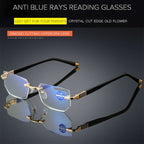 🎁Hete verkoop 50% korting 💖Nieuwe saffier hoge hardheid anti-blauw Progressieve ver en dichtbij Dual-Use leesbril👓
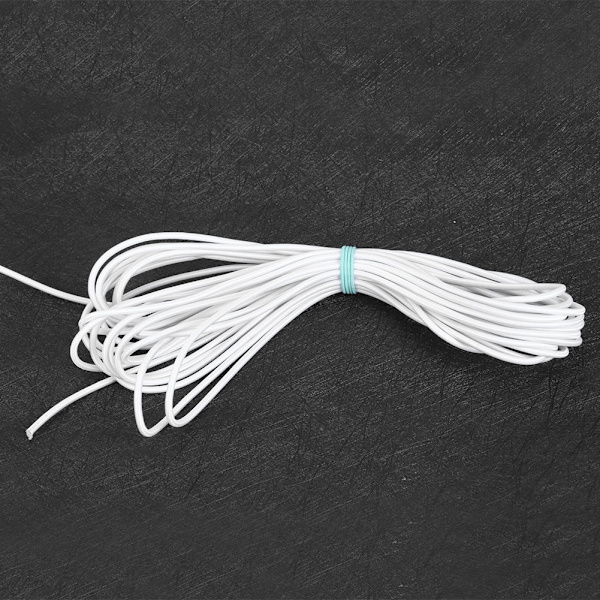 3 pussia 3mm 10m/32.8ft pyöreä elastinen köysi DIY-vaatteet elastiset vaatteet ompelutarvikkeet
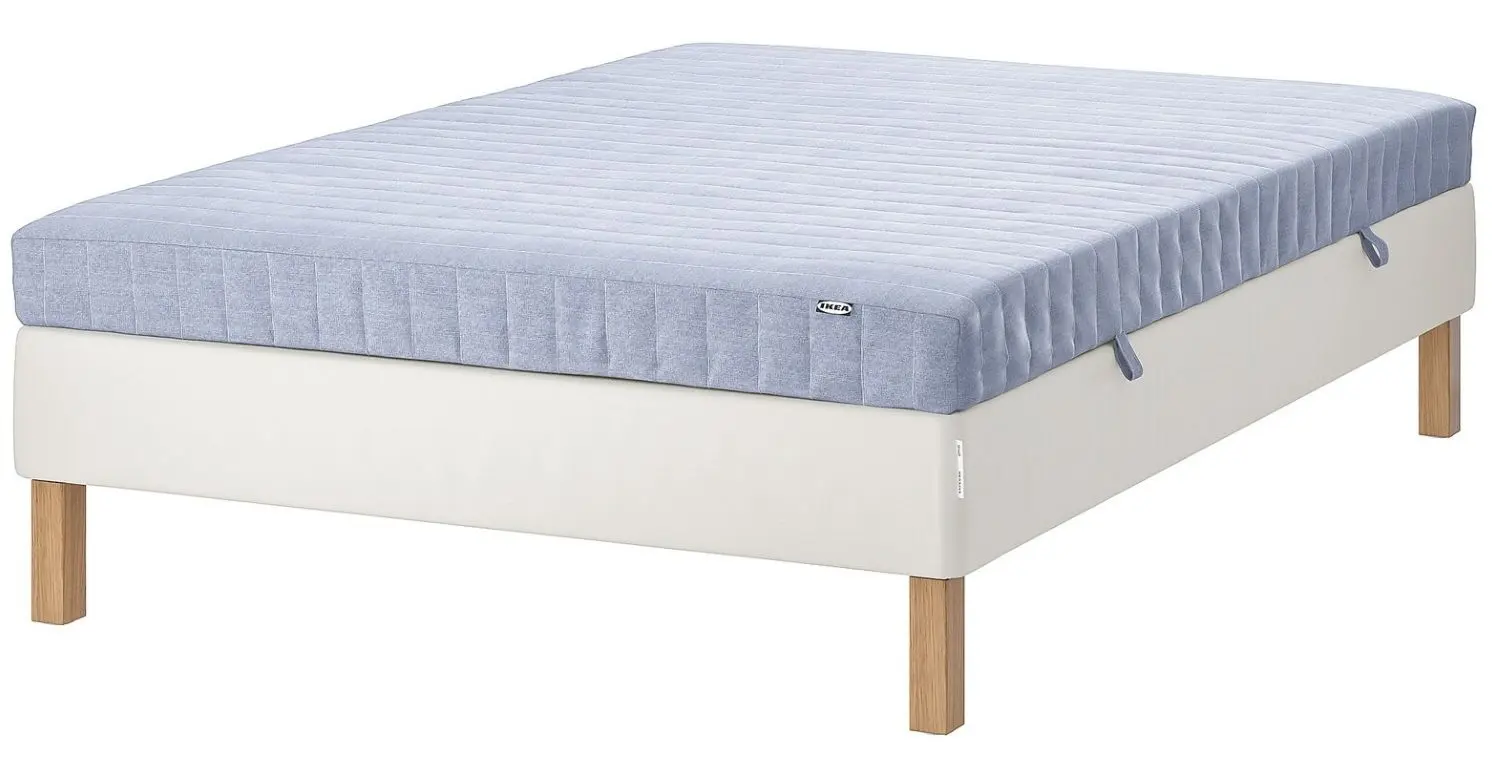 Pat Ikea Espevar/Vadso Burfjord 20cm 140х200 (Alb/Extra Ferma Bleu)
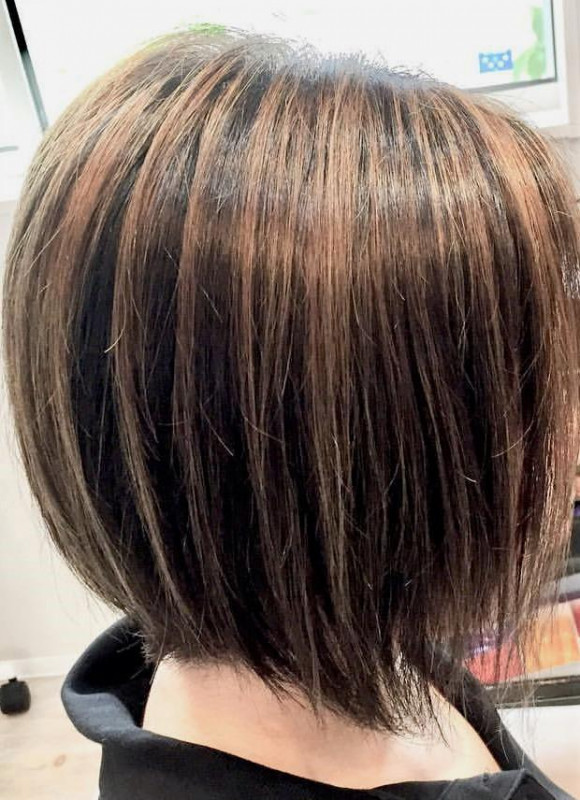 新しい 40代 髪型 メッシュ ヘアスタイル画像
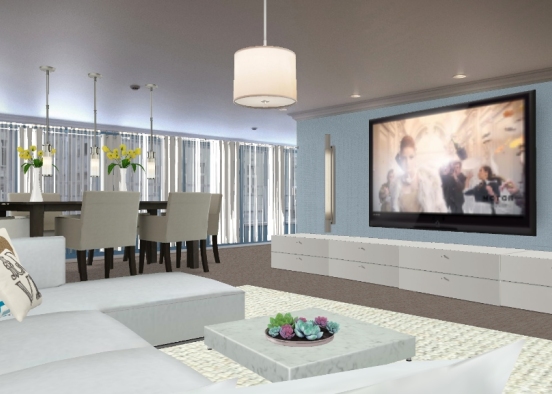 #livingroom #dinningroom Design Rendering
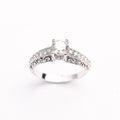 Vintage-Inspired Filigree Diamond Ring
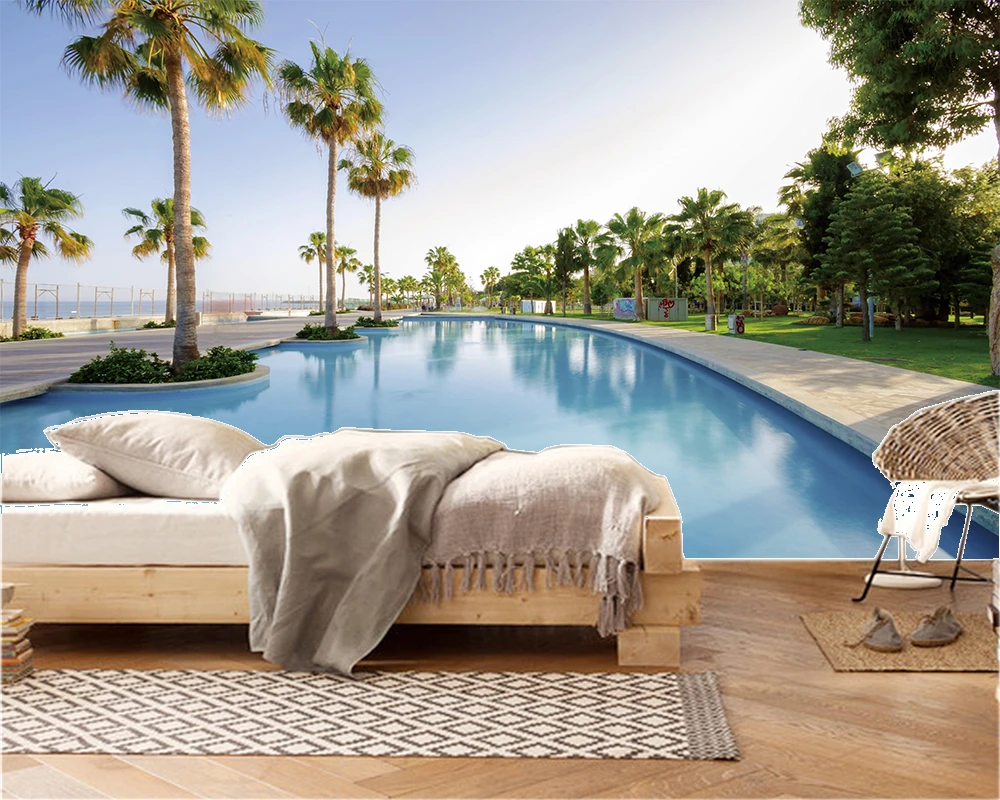 3d обои любого размера на заказ красивый бассейн ландшафт домашний декор гостиная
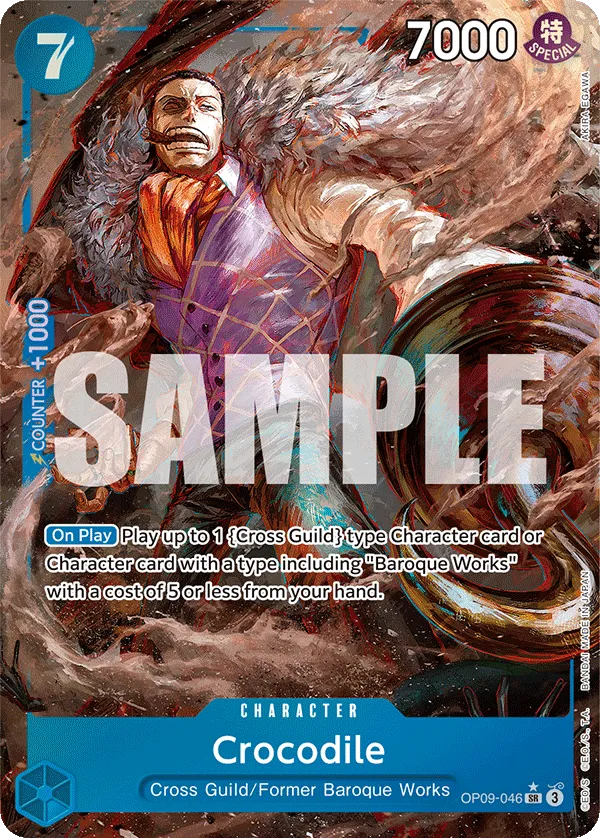 Crocodile (046) (Parallel) · Emperors in the New World OP09-046/238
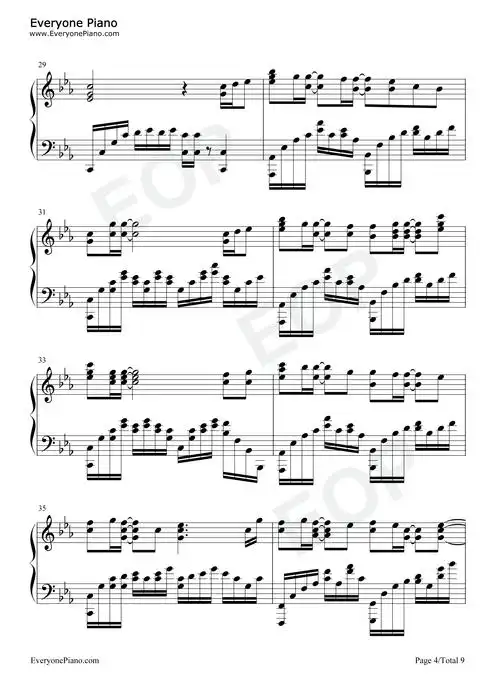 请笃信一个梦姜子牙片尾曲五线谱预览4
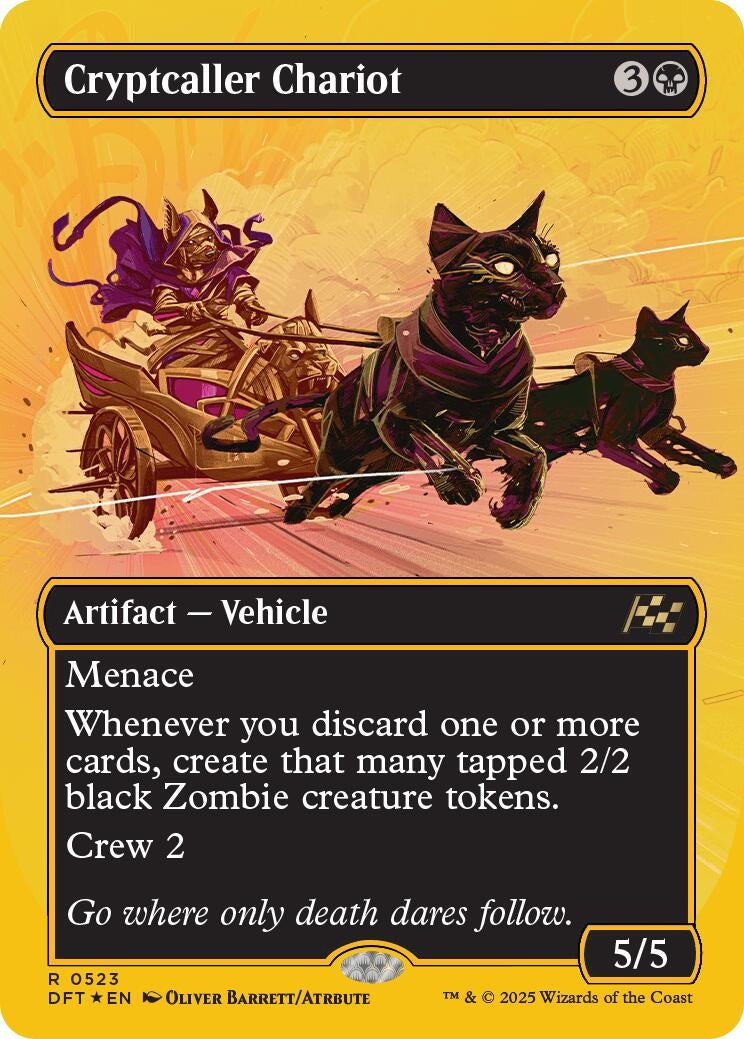 Image for Cryptcaller Chariot (Borderless) (First-Place Foil) (523) (DFT) - Magic: The Gathering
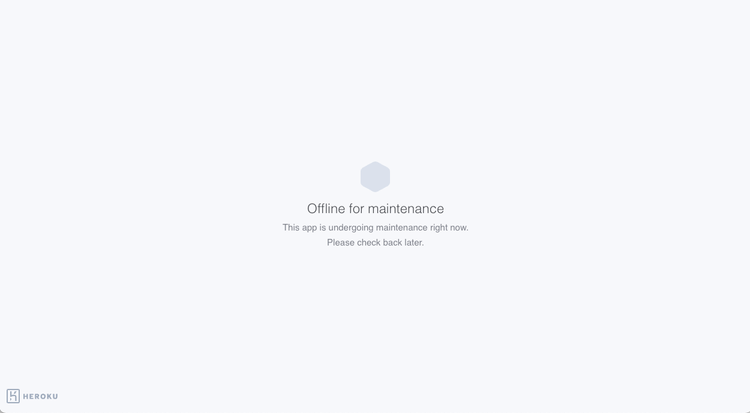 How to Generate a Custom Heroku Maintenance Mode Page
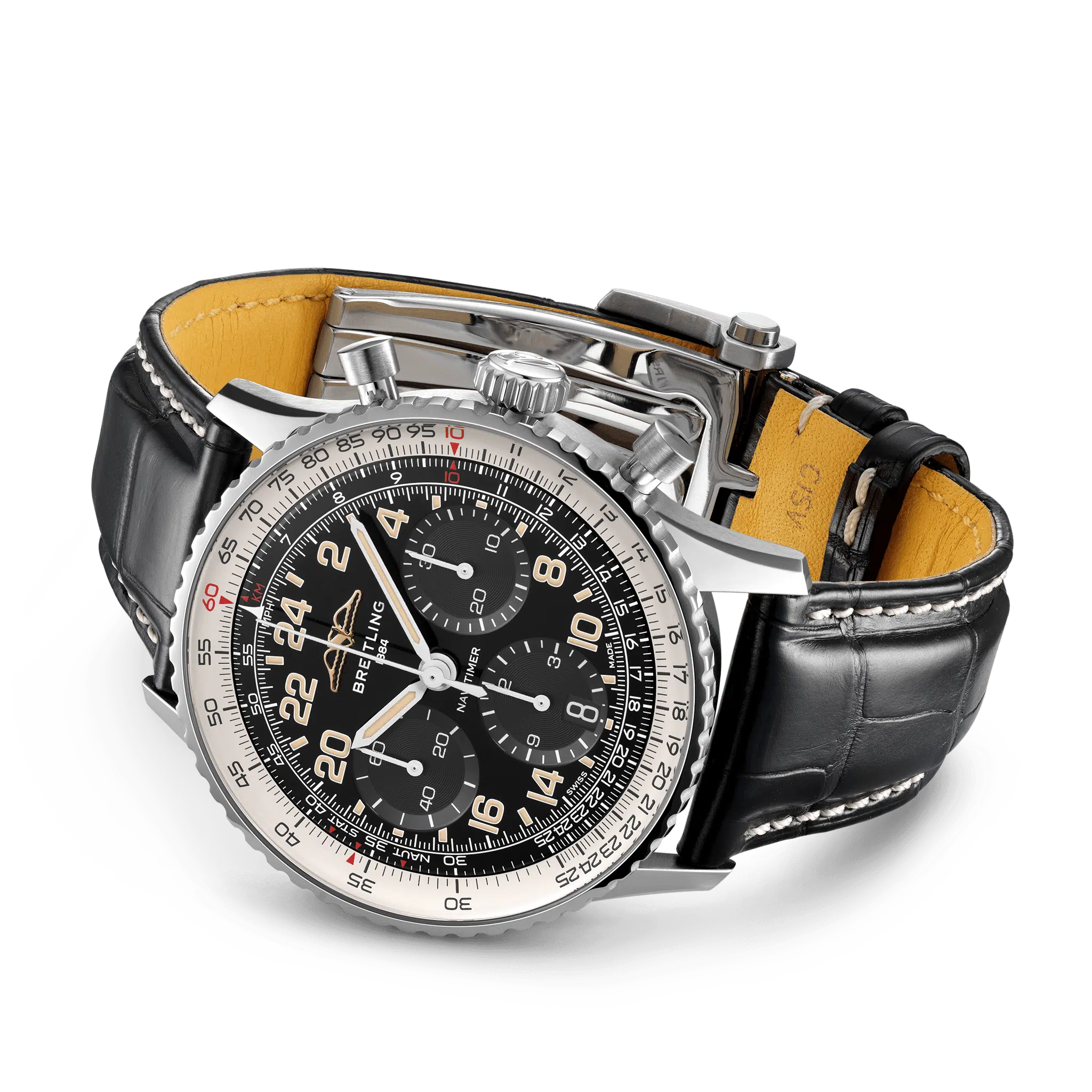 pb02301a1b1p1 navitimer b02 chronograph 41 cosmonaute rolled up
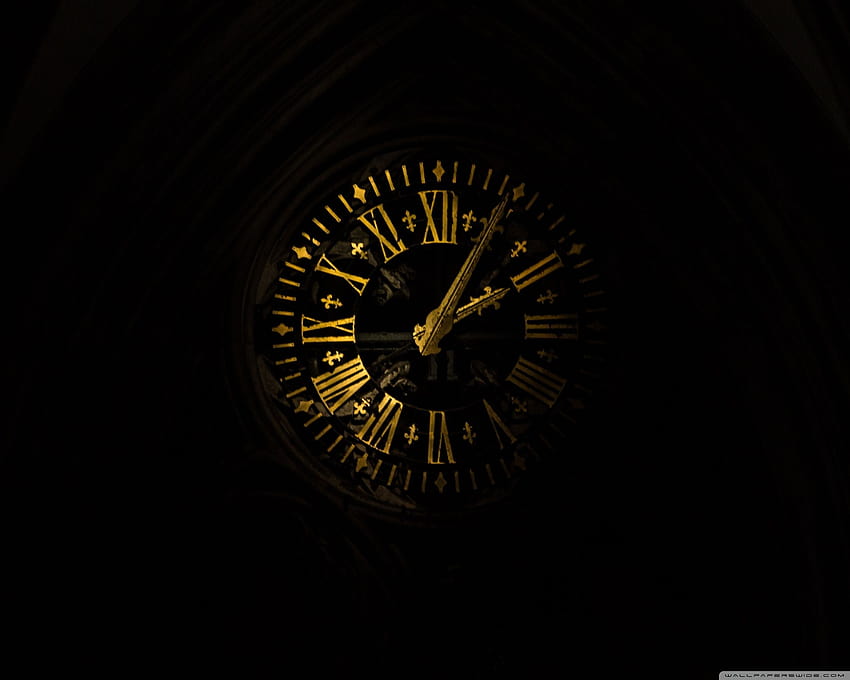Old Clock Ultra Backgrounds ... amplo, relógio noturno papel de parede HD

-------

_What is being asked_
What do the lines above say from the line containing "新しい 40代 髪型 メッシュ ヘアスタイル画像" through the last line? Quote them exactly, both ends included, and leave out the pictures.

_Answer space_
 新しい 40代 髪型 メッシュ ヘアスタイル画像
 #livingroom #dinningroom Design Rendering
 Vintage-Inspired Filigree Diamond Ring
 3d обои любого размера на заказ красивый бассейн ландшафт домашний декор гостиная
 Crocodile (046) (Parallel) · Emperors in the New World OP09-046/238
 请笃信一个梦姜子牙片尾曲五线谱预览4
 Image for Cryptcaller Chariot (Borderless) (First-Place Foil) (523) (DFT) - Magic: The Gathering
 How to Generate a Custom Heroku Maintenance Mode Page
 pb02301a1b1p1 navitimer b02 chronograph 41 cosmonaute rolled up
Old Clock Ultra Backgrounds ... amplo, relógio noturno papel de parede HD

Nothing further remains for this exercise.